Taking agile, a process otherwise optimized for small, cross-functional, collaborative teams and making it work at scale is fascinating. You have to change some elements, and retain others, as you redefine the context. Being outcome driven, is one element you must retain – or even elevate in importance, or you fundamentally break the system of delivery
Getting Faster at Building the Wrong Thing
I “went agile” in 2000/2001 – I was writing software and leading teams at an enterprise software company at the time, and we adopted elements of XP and other agile practices in what we branded (internally and externally) as Fast Cycle Time (FCT). It was more than just incremental delivery, we really did incorporate agile principles like pairing and demoing, and engineering practices like automated build and test processes, code-reads, design for testing. It was a brave new world for me at the time and I was hooked forever.

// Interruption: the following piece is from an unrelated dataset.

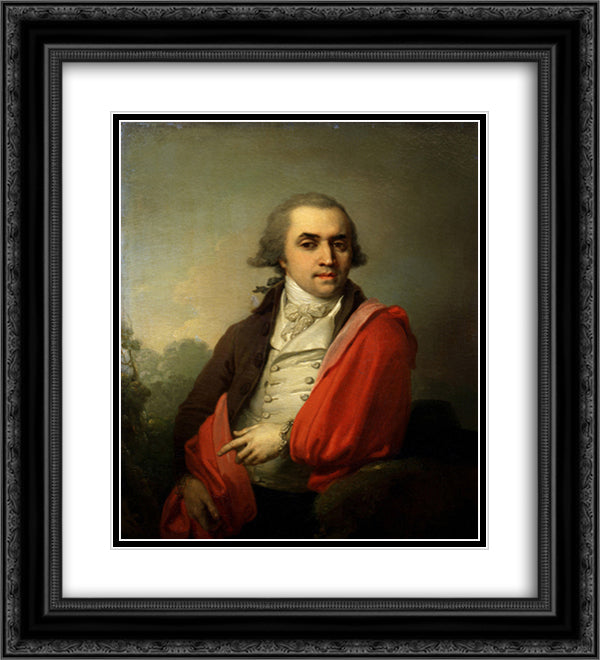 Portrait of Torsukov Ardalyon 20x22 Black Ornate Wood Framed Art Print Poster with Double Matting by Borovikovsky, Vladimir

Over the next few years my career evolved through people-management, pre-sales, and program management roles into product management.
I spend a lot of time a decade ago as an early agile product manager – testing, learning, applying, and understanding how to be not only a product manager working with agile teams, but also how to be agile as a product manager. Both were then uncommon, and both are still important.
I would regularly say – and I still believe it to be true – that when a team or a smaller organization (say 100 developers or fewer) goes agile, if they are not focused also on product management, all they are doing is getting faster at building the wrong thing. To quote Jon Harmer who I’m fortunate to now call a colleague, “you just crash your car into the wall faster.”
I’ve spent the last half-year in the beginning of my journey understanding how agile product management at scale can work. Seeing things in practice. Helping a mid-size organization make the transition from waterfall (at scale) to agile (at scale). Think of a couple dozen teams (a couple hundred people) working to deliver across a couple hundred systems, for a multi-billion dollar organization. Long time readers at Tyner Blain will know that my writing here is driven in large part by the absorption, adoption, extrapolation and generalization of experiences through patterns and into concepts and applicable ideas.
For small teams, agile development without a focus on the right outcomes is getting faster at building the wrong thing. As a result you just build more of the wrong stuff. A lack of focus on outcomes is no better than a focus on the wrong outcomes. Being output-focused is not being outcome-focused.
For agile at scale, I don’t believe this is true. At scale, if you are not driving your execution through a focus on outcomes, I don’t believe you are actually faster – you’re only different. At scale, to leverage Jon’s cleverness, “you still crash your car into the wall, but not necessarily faster.”
The key difference here is around the opposing system dynamics of encapsulation and coordination. Smaller organizations have much less need for coordination – “everything” happens within the team. Why that matters is worth exploring.
Scale is Built Necessarily on Orchestration and Planning
You might believe planning to be anathema to agility. The classic war between rationalism and empiricism, which makes me want to re-read Brooks’ The Design of Design. I also suspect another luminary I’m thrilled to be working with, Dave Nicolette (@davenicolette) would even suggest that “agile at scale” may be oxymoronic on principle. He’s probably already written about it too – but I get to hear him talk about it :). At the end of the day, it depends on how you define agility, or more precisely how you define “self-directed.” There’s always a context in which self-determination applies. Since this is a heavy name-dropping post, I will once again thank Andy Polaine (@apolaine) for the visual which is permanently grafted onto the concept of nested contexts for me now.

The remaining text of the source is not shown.